__TASK DESCRIPTION__
Write out, exactly and in full, the line where "Laurent Neon Pink" appears together with all lines that follow it in the entries below. Do not include pictures.

__EXERCISE DATA__
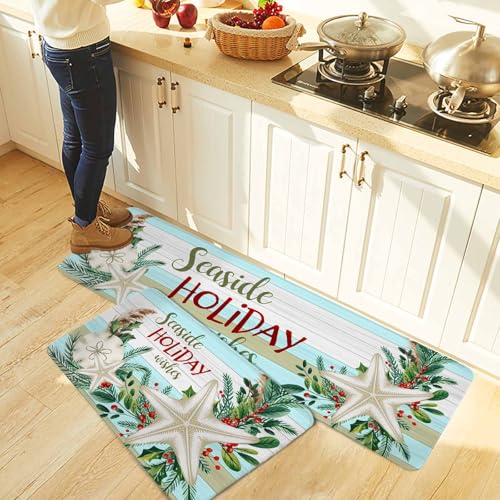 Christmas Coastal Kitchen Rugs 2-Piece Set Non-Slip Absorbent Mats - 16x24 & 16x47 Variation of THIS listing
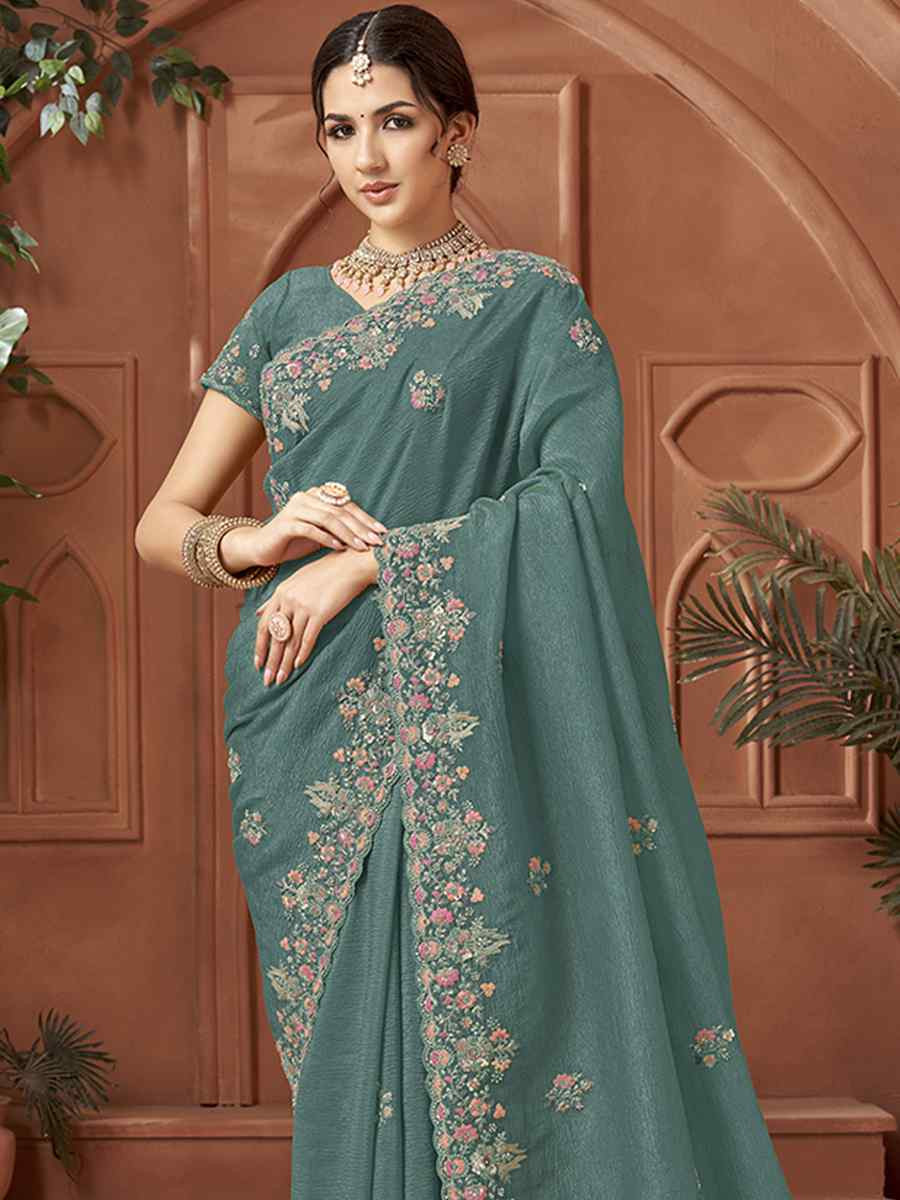 Teal Blue Crush Silk Embroidery Traditional Bridal Reception Festival Wedding Fancy Heavy Border Sarees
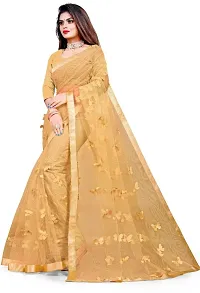 Elegant Beige Net Applique Bollywood Saree with Blouse piece-thumb3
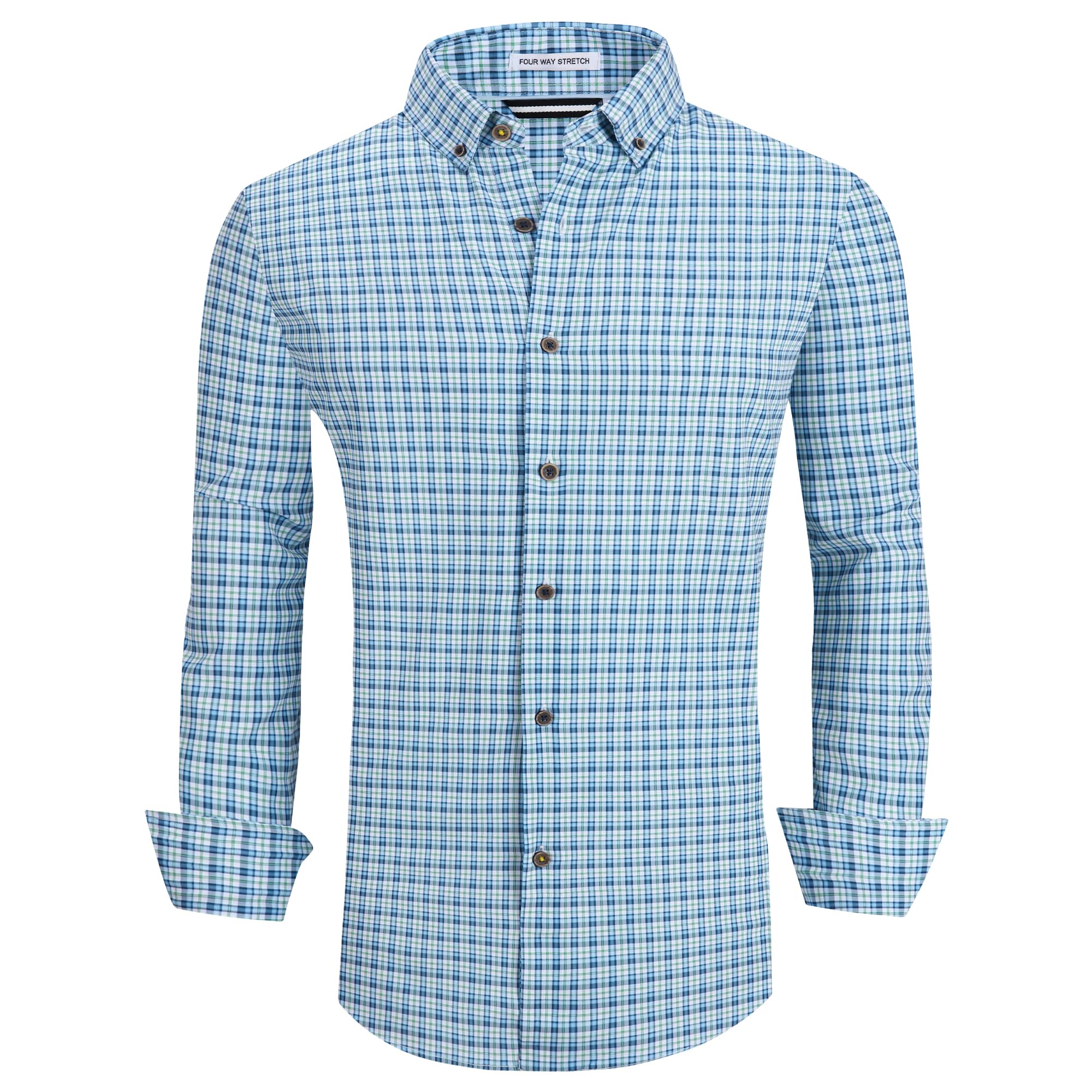 Esabel.C Men's Wrinkle-Free Dress Shirts | Long Sleeve Button Down Business Shirt | Regular Fit Printed Office Shirt for Work & Formal Occasions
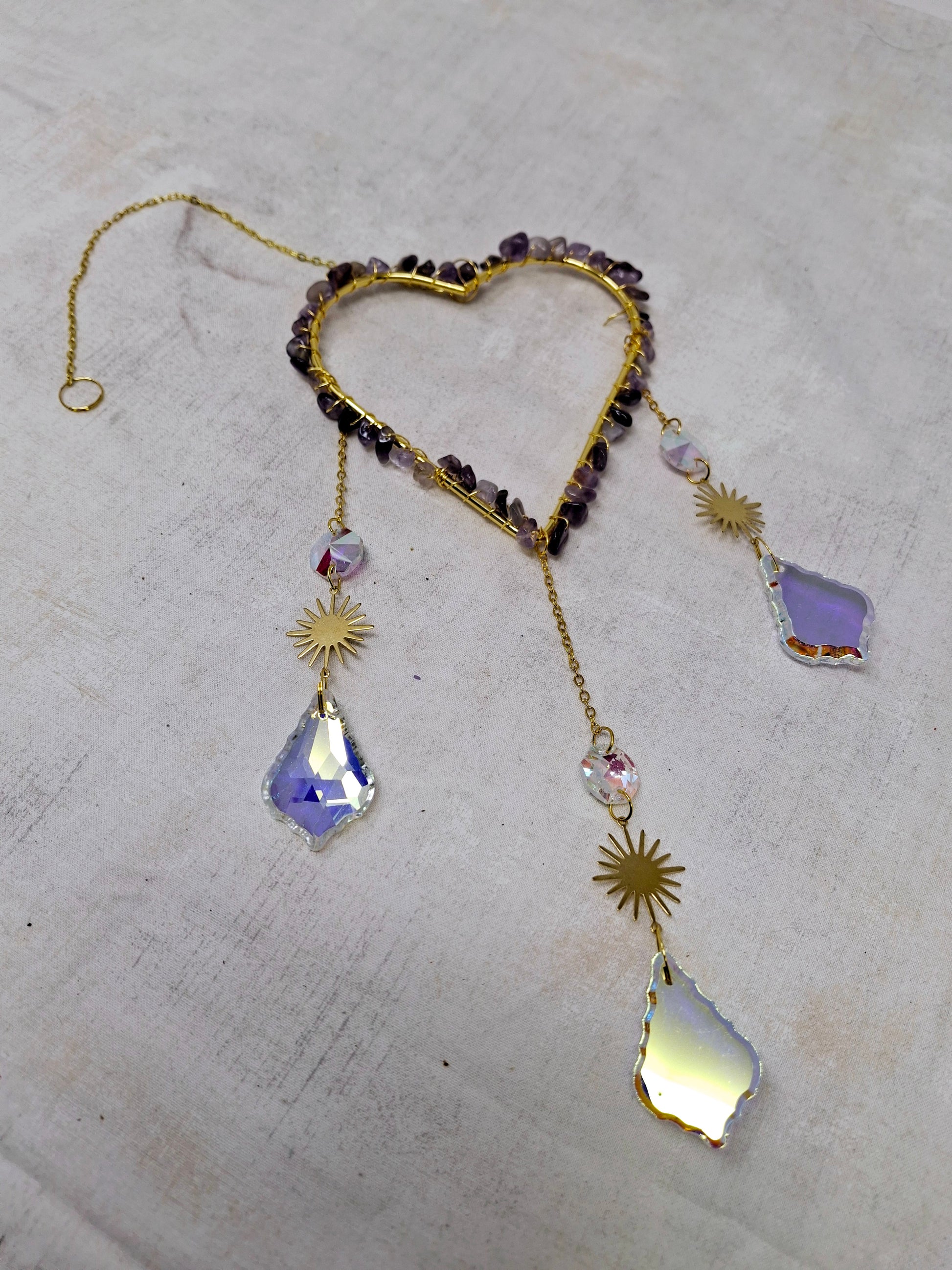 Amethyst Gemstone Heart Design Suncatcher - 17"L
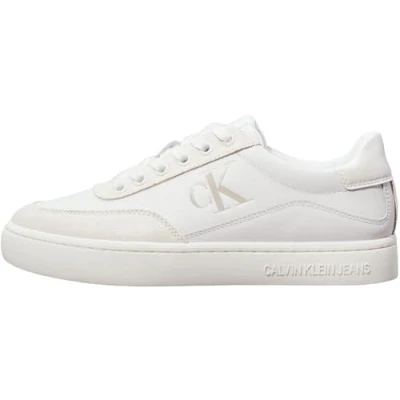Image of Calvin Klein Jeans Classic Cupsole Trainers, Women&#039;s, Size: 7, Bright white/creamy white leather and imitation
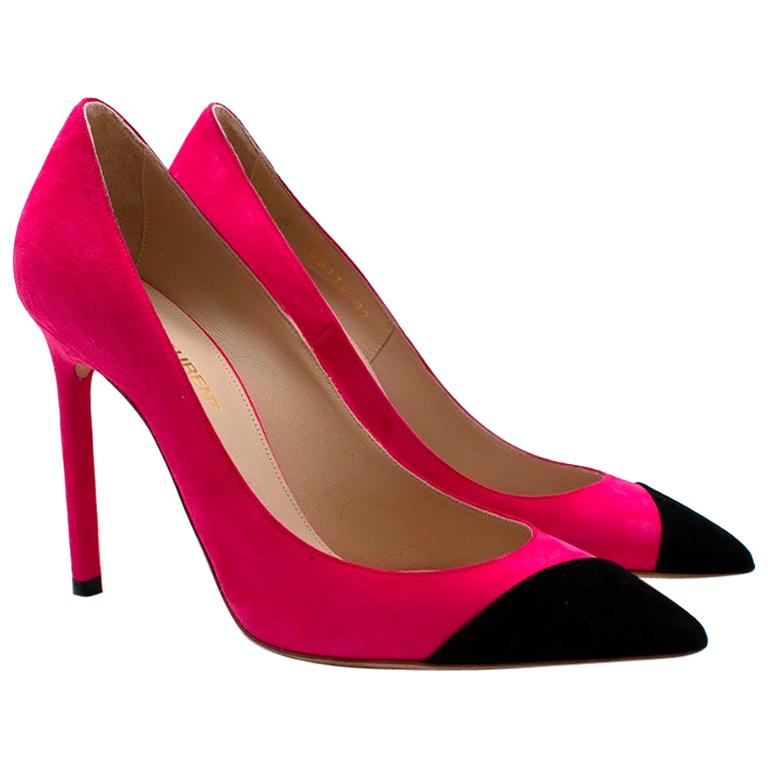 Laurent Neon Pink and Black Suede Anja Pumps Size EU 37 For Sale at | neon pink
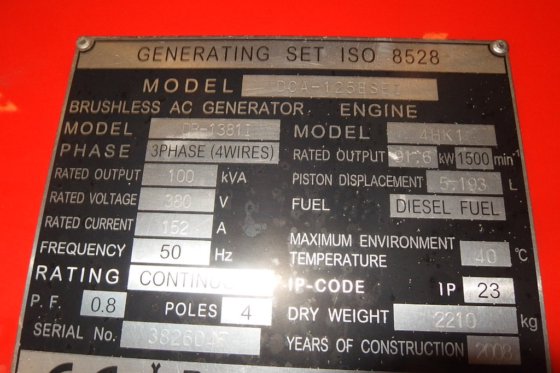 2008年Denyo发电机DCA-125esei -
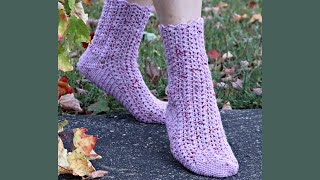 💜How to Crochet Easy Socks  Intermediate Crochet crochetsocks Crochet sock pattern [upl. by Sinne]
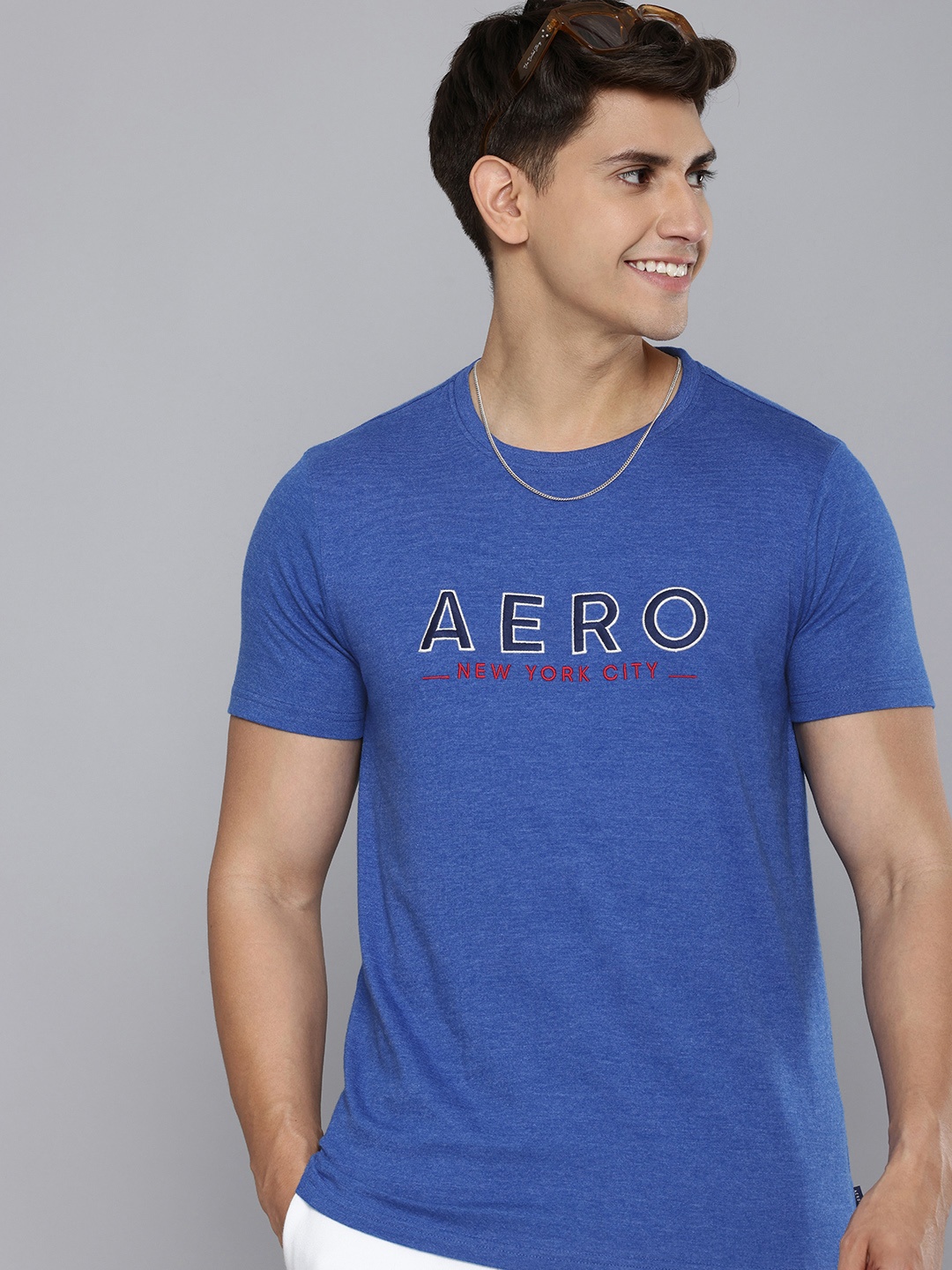 

Aeropostale Round Neck Typography Embroidered T-shirt, Blue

__RESPONSE BOX__
 Laurent Neon Pink and Black Suede Anja Pumps Size EU 37 For Sale at | neon pink
 2008年Denyo发电机DCA-125esei -
 💜How to Crochet Easy Socks  Intermediate Crochet crochetsocks Crochet sock pattern [upl. by Sinne]

Aeropostale Round Neck Typography Embroidered T-shirt, Blue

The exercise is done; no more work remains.